___ GIVEN INFORMATION

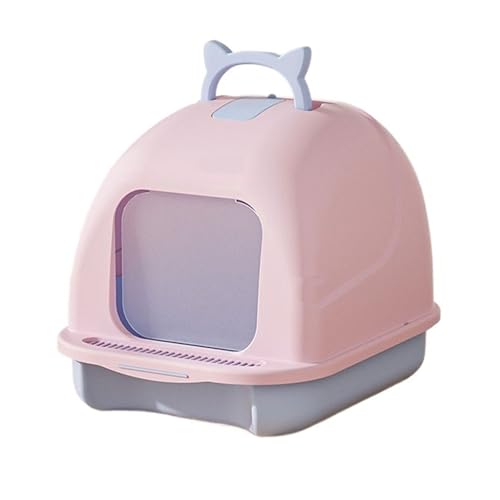 Katzentoilette, Katzentoilette mit Deckel, komplett geschlossene Katzentoilette mit Streuschaufel, auslaufsichere Katzentoilette, Nicht klebend, leicht zu reinigen, Pet Box(Pink) von Cenz-888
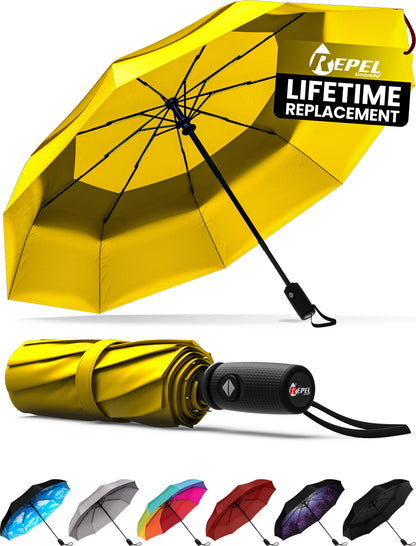 Repel Umbrella Windproof Travel Umbrellas for Rain - Easy Auto Open Close, Durable & Compact Umbrella, Strong Fiberglass Frame, Waterproof Canopy - Backpack, Purse, Portable Umbrella for Travel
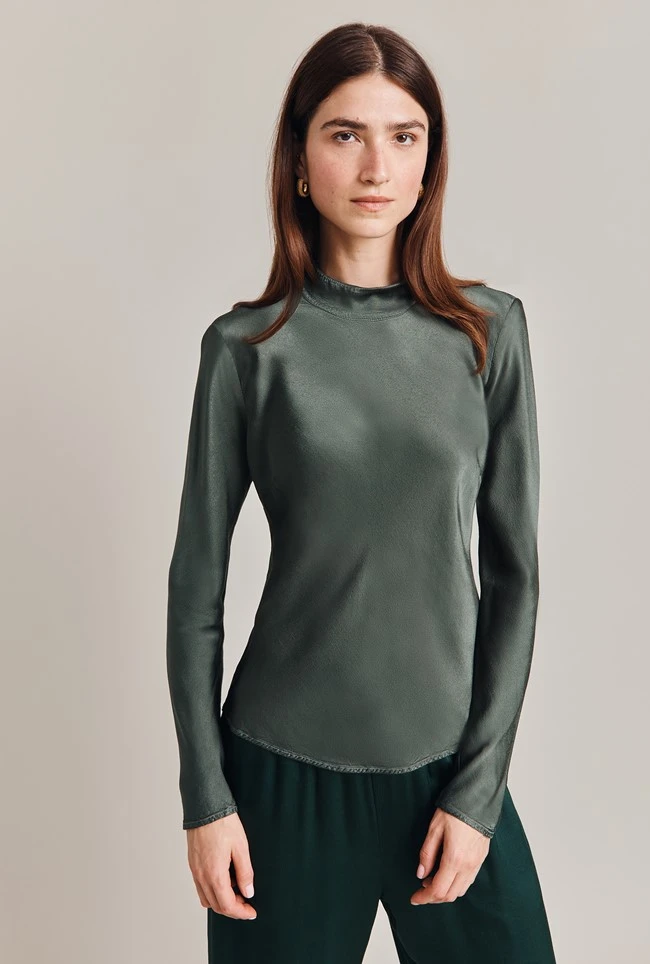 Mika Satin Turtleneck Top Dark Sage 3 Mika Satin Turtleneck Top Dark Sage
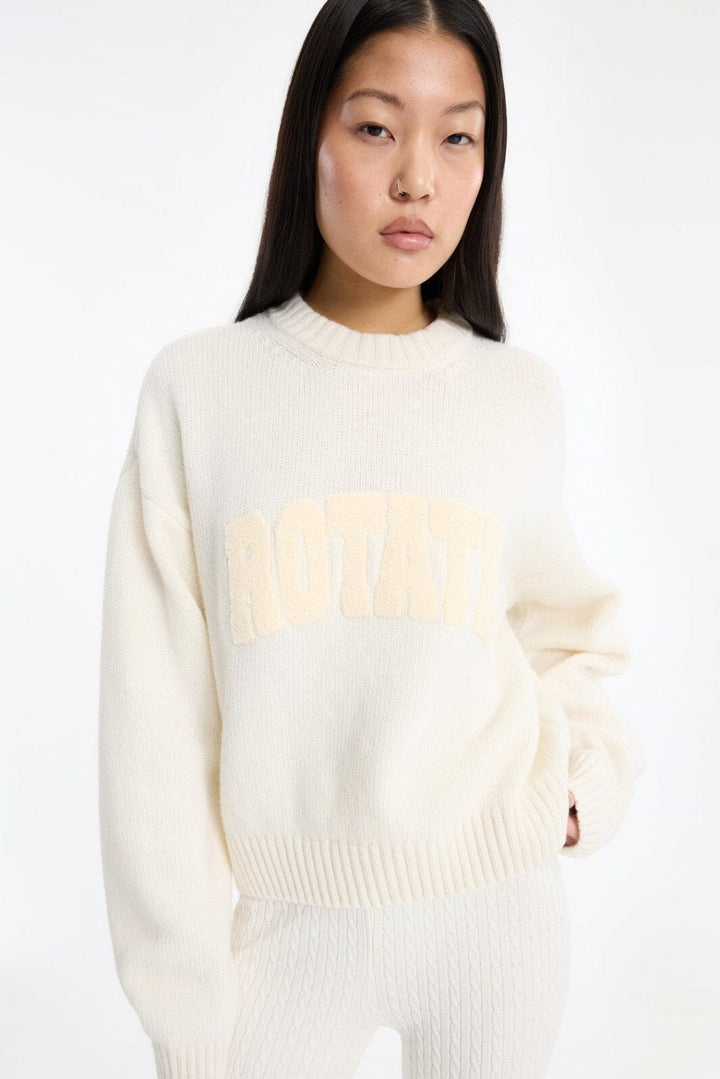Rotate - Crewneck Sweater 116512857 - 857 Egret Strikbluser 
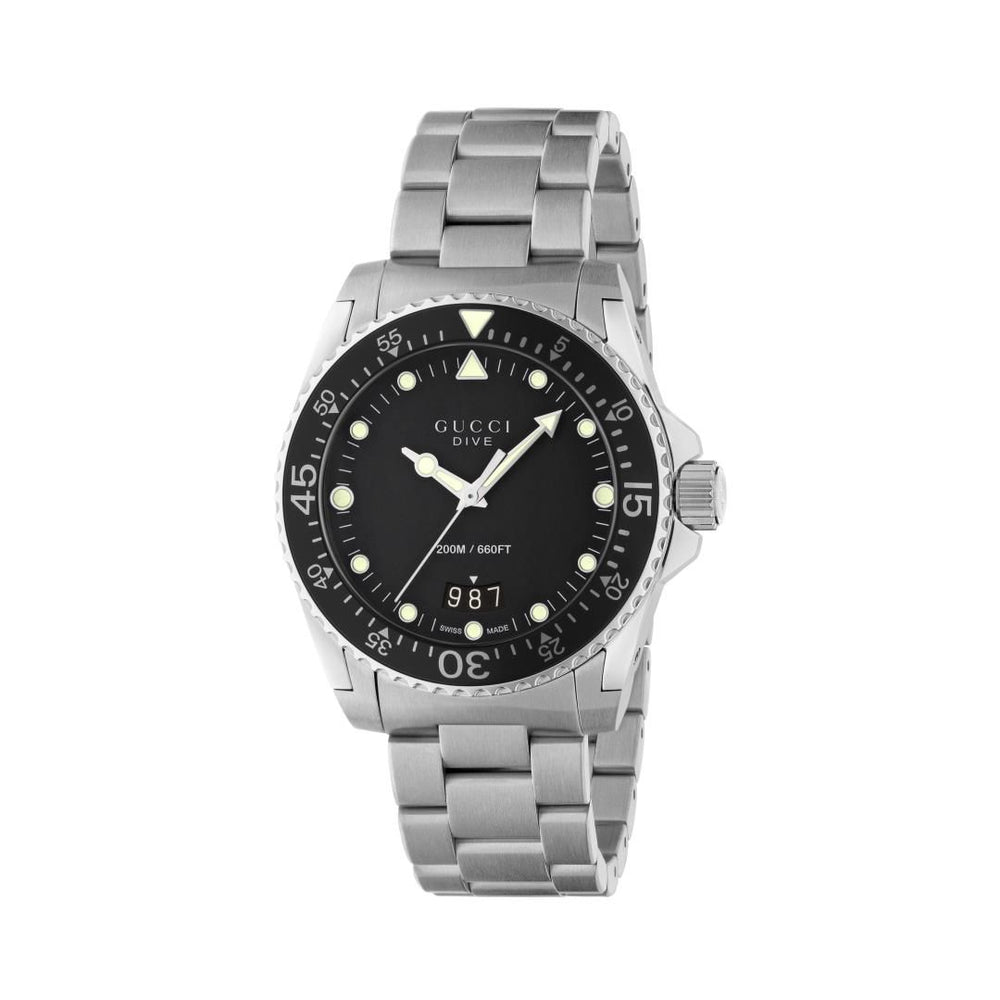 Gucci Dive kvartsur i rustfrit stål YA136301B
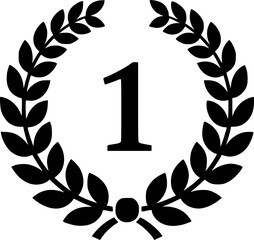 first laurel glyph flat vector icon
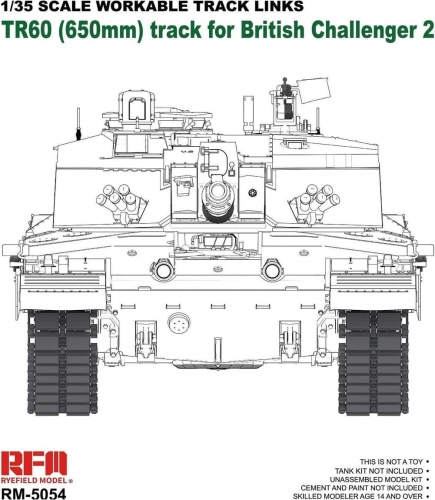 TR60 track (650 mm) for British Challenger 2 1:35 Rye Field Model 5054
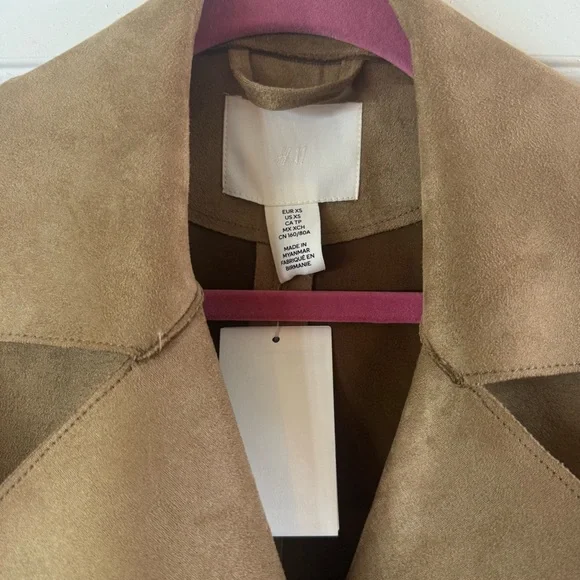 NWT H&M Classic Brown Trench Coat - Picture 5 of 9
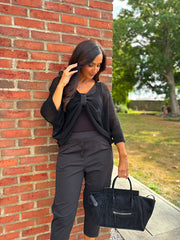 Black Gathered Loose Knit Paige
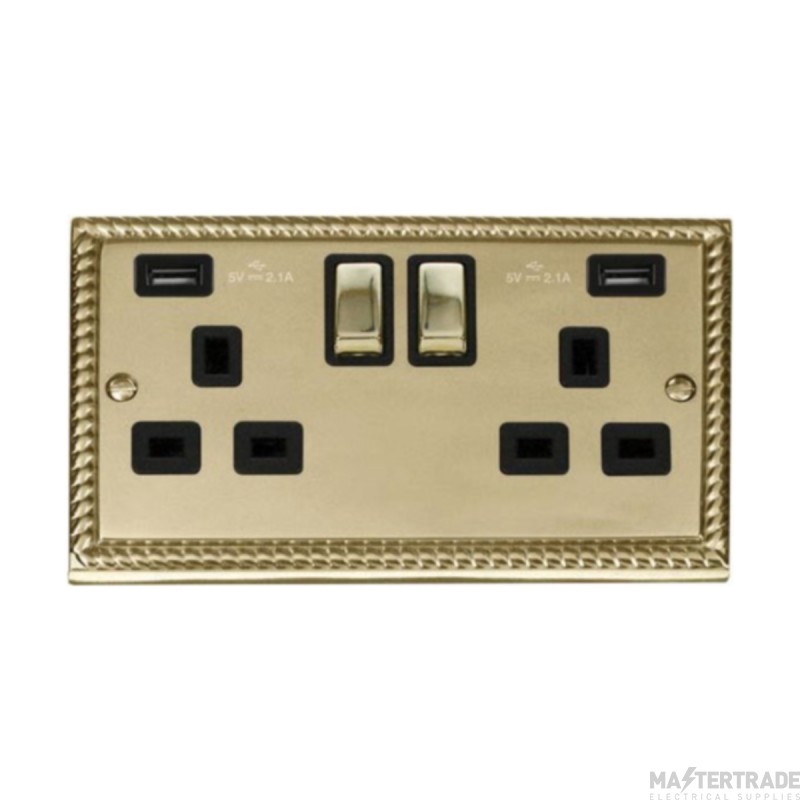 Click Deco GCBR580BK 13A 2 Gang Switched Socket Outlet With Twin USB (Total 4.2A) Outlets Georgian Brass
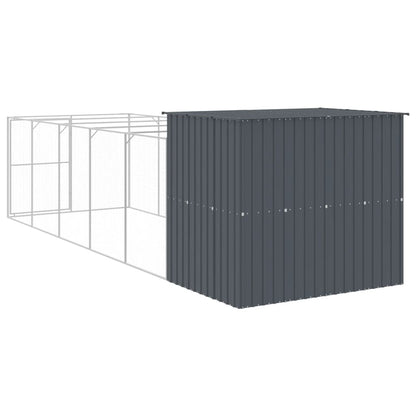 vidaXL Dog House with Run Anthracite 214x661x181 cm Galvanised Steel 5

______

• **PROBLEM REQUIREMENTS**
Only an exact copy belongs in the answer: the lines from the one containing "Gucci Dive kvartsur" through the end of the records, both ends included, minus the pictures.

• **EXERCISE RESULT**
 Gucci Dive kvartsur i rustfrit stål YA136301B
 first laurel glyph flat vector icon
 TR60 track (650 mm) for British Challenger 2 1:35 Rye Field Model 5054
 NWT H&M Classic Brown Trench Coat - Picture 5 of 9
 Black Gathered Loose Knit Paige
 Click Deco GCBR580BK 13A 2 Gang Switched Socket Outlet With Twin USB (Total 4.2A) Outlets Georgian Brass
 vidaXL Dog House with Run Anthracite 214x661x181 cm Galvanised Steel 5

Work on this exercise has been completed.